Despite many studies on the characteristics associated with resilience, there is little research on interventions to promote resilience in adults. The aims of this study were to gather preliminary information regarding the feasibility of implementing a group psychosocial resilience training program (REsilience and Activity for every DaY, READY) in a workplace setting, and to assess if program would potentially promote well-being. The program targets five protective factors identified from empirical evidence: Positive emotions, cognitive flexibility, social support, life meaning, and active coping. Resilience enhancement strategies reflect core acceptance and commitment therapy (ACT) processes and cognitive behavior therapy strategies.
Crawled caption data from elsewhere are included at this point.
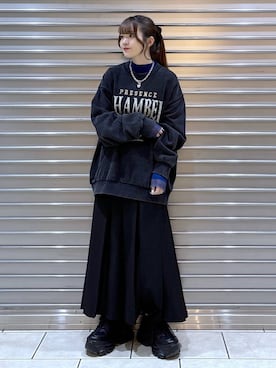 「おでかけ」｜「アイテム（スウェット）」を使った、mizukiさん（レディース・157cm）の秋コーディネート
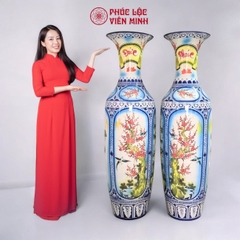 Đôi Lộc Bình Tứ Cảnh Men Màu Gốm Sứ Bát Tràng - Phúc Lộc Viên Minh - PL035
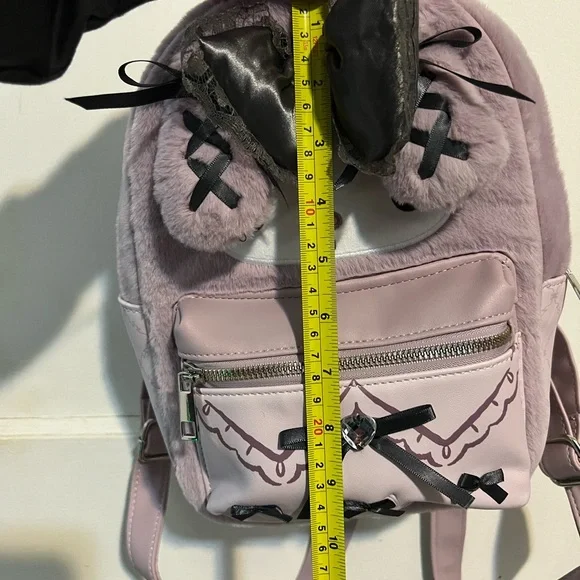 Pink Furry Backpack with Bow Accents - Picture 3 of 4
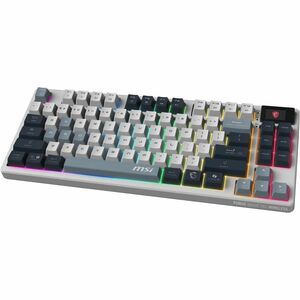 MSI FORGE GK600 TKL WIRELESS SKY Gaming Keyboard - Wired/Wireless Connectivity - Bluetooth/RF - Tenkeyless - 2.40 GHz - US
Sessions involve psychoeducation, discussions, experiential exercises, and home assignments. Sixteen participants completed 11 × two h group sessions over 13 weeks. Baseline and post-intervention assessment included self-administered questionnaires, pedometer step counts, and physical and hematological measures. Data were analyzed using standardized mean differences and paired t-tests. There was a significant improvement between baseline and post intervention scores on measures of mastery (p = 0.001), positive emotions (p = 0.002), personal growth (p = 0.004), mindfulness (p = 0.004), acceptance (p = 0.012), stress (p = 0.013), self acceptance (p = 0.016), valued living (p = 0.022), autonomy (p = 0.032) and total cholesterol (p = 0.025). Participants rated the program and materials very highly. These results indicate that the READY program is feasible to implement as a group training program in a workplace setting to promote psychosocial well-being.